Oligomerization of supercritical ethylene over nickel-based silica-alumina catalysts

Abstract We used supercritical ethylene as both a solvent and reactant for ethylene oligomerization over silica-alumina catalysts with different pore structures and decorated with Ni nanoparticles namely Ni-Hβ and Ni-Al-SBA-15. The catalysts were characterized by electron microscopy, X-ray diffraction, nitrogen physisorption, and Fourier transformed infrared spectroscopy. The effect of pressure and temperature on the overall conversion and product selectivity over Ni-Hβ were evaluated in the range from 0.0 to 52.5 bar (partial pressure of ethylene) and 30 to 120 °C. At subcritical conditions over Ni-Hβ (120°C and 11.2/22.4 bar), the ethylene conversion reached a plateau of around 50 % after six hours. By increasing the pressure past the critical point of ethylene, the steady-state conversion significantly increased to 71 %. The drastic increase in conversion can be attributed to the high butene and hexene solubilities in supercritical ethylene, promoting the desorption of di- and trimerization products from the catalytic active sites and making those sites available for incoming ethylene molecules. At supercritical conditions, high ethylene conversion (85 %) and C4 selectivity (74 %) was achieved using Ni-Al-SBA-15 (impregnated mesoporous catalyst), while Ni-Hβ (the microporous catalyst) yielded less C4 (32 wt.%) and more C6 (22 wt.%) possibly because of confinement effects of the micropore channels.
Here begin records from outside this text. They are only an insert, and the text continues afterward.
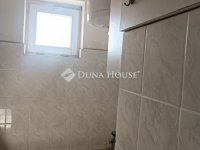 Eladó családi ház, Szegeden 54.99 M Ft, 2 szobás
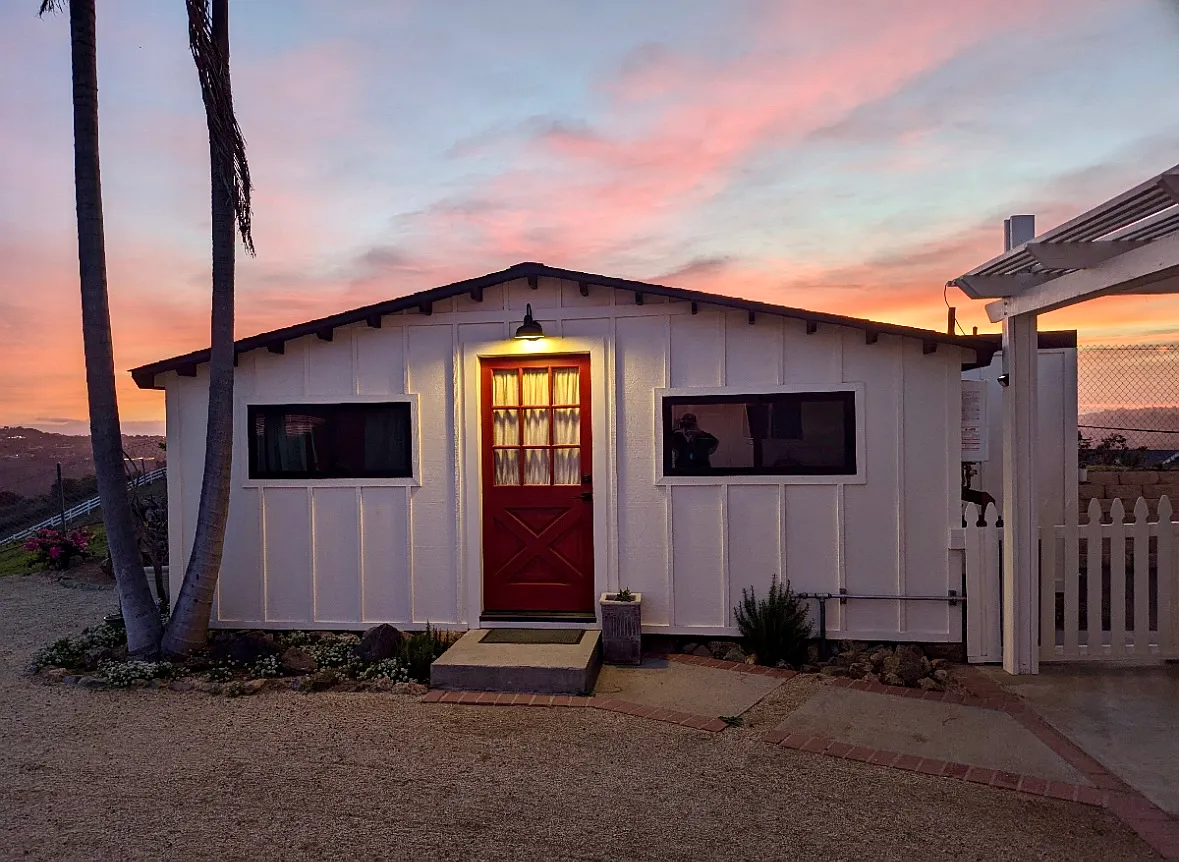 Studio, 350 sqft, $2,250 — Photo 2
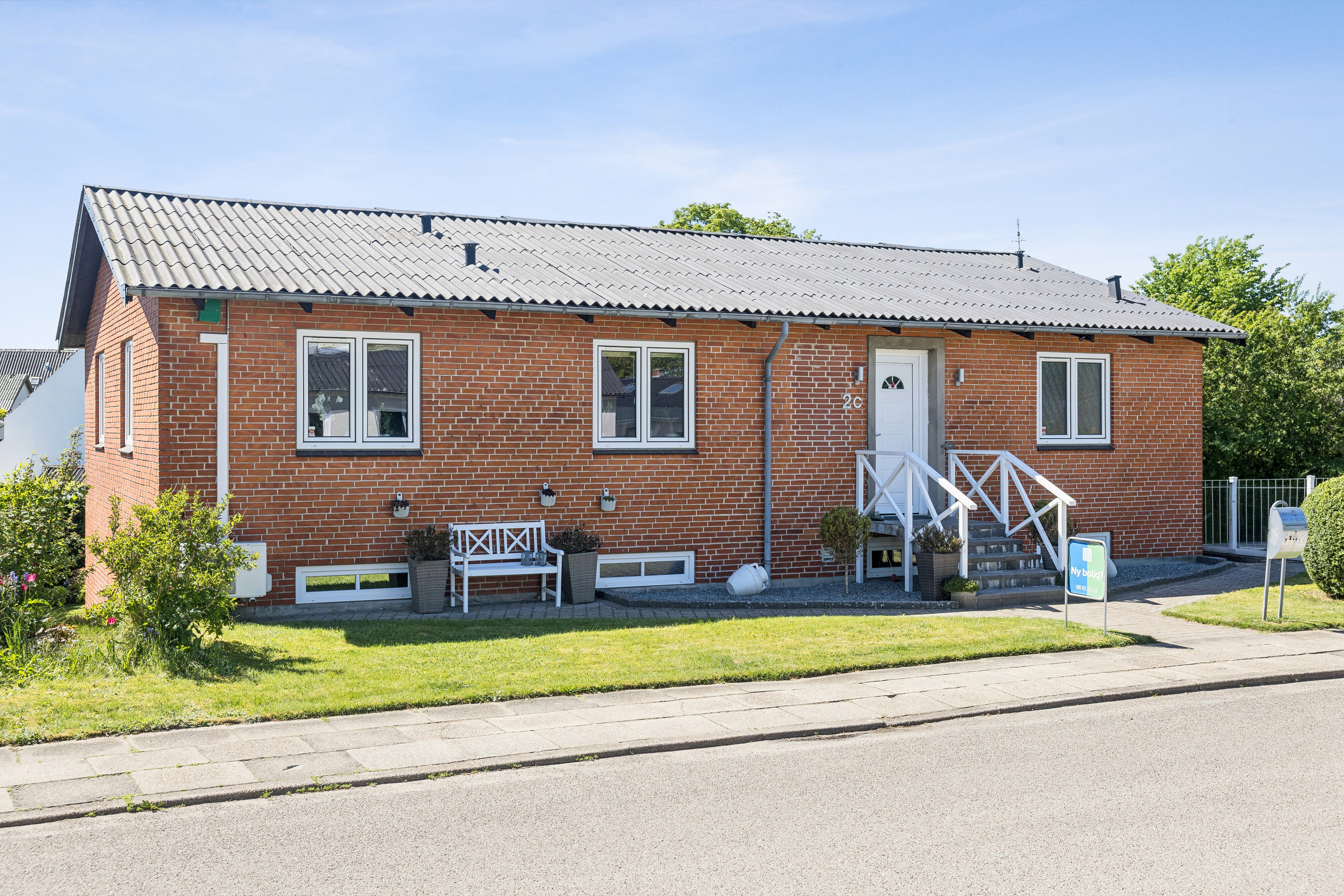 Fremhævet set fra vejen billede i fuldskærmstilstand. Billede af Elmevej 2C, 9800 Hjørring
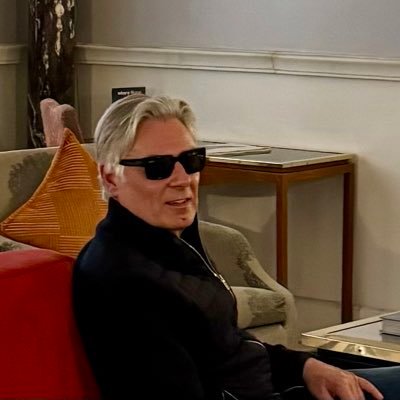 Angelowall's profile picture. 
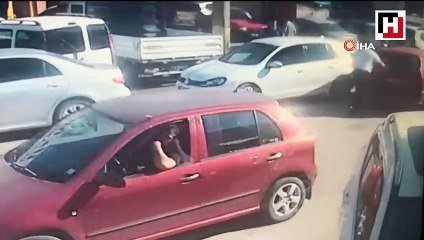 Satıp parasını alamadığı otomobilini iterek kaçırırken güvenlik kamerasına yakalandı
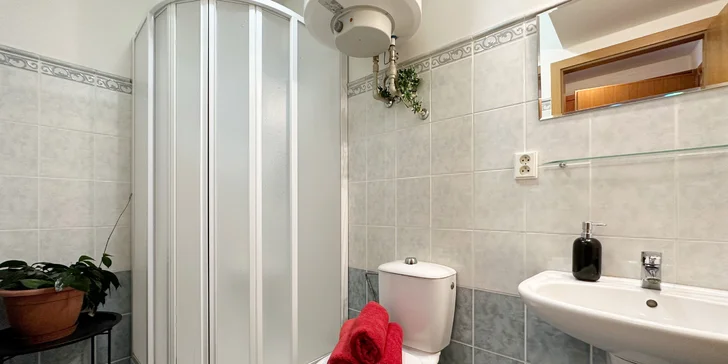 Pobyt v Znojme: strava, karta výhod, zľavy na zážitky, fľaša vína aj romantický balíček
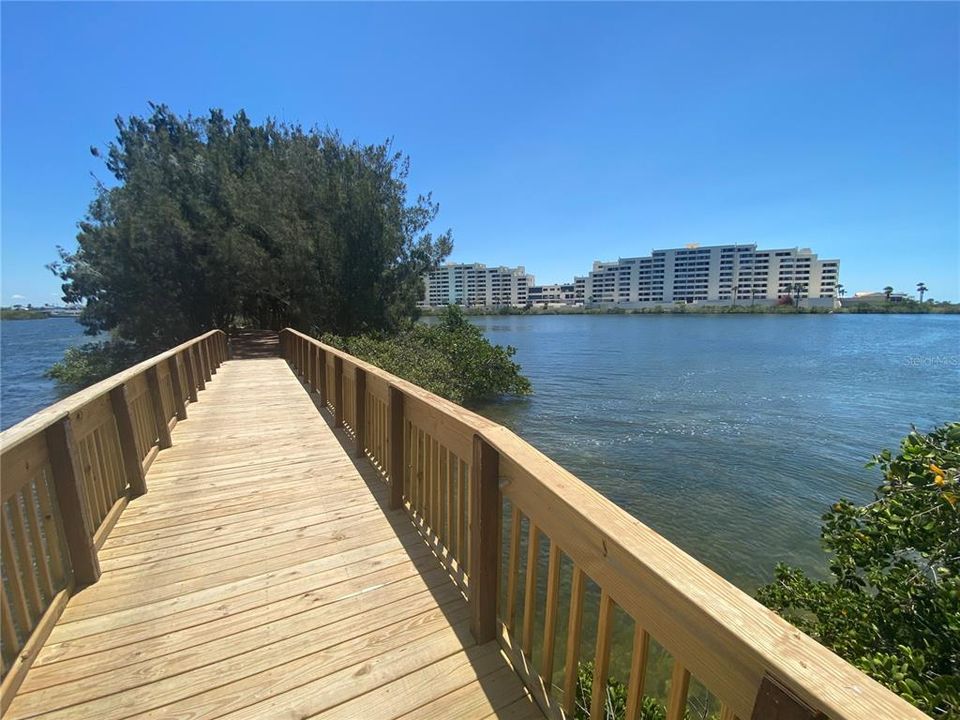 For Rent: $3,500 (2 beds, 2 baths, 1236 Square Feet)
We also examined the influence of the reaction temperature over Ni-Hβ. The catalytic activity increased with temperature from 30 to 120 °C. Even though there was little activity at 30 °C for ethylene oligomerization, the solvation abilities at this condition provide opportunities for in-situ removal of heavy molecular weight species from the catalyst for regeneration purposes, provided that the catalyst does not strongly adsorb ethylene molecules at low temperature. This work shows for the first time that supercritical ethylene conditions have great potential for practical catalytic applications.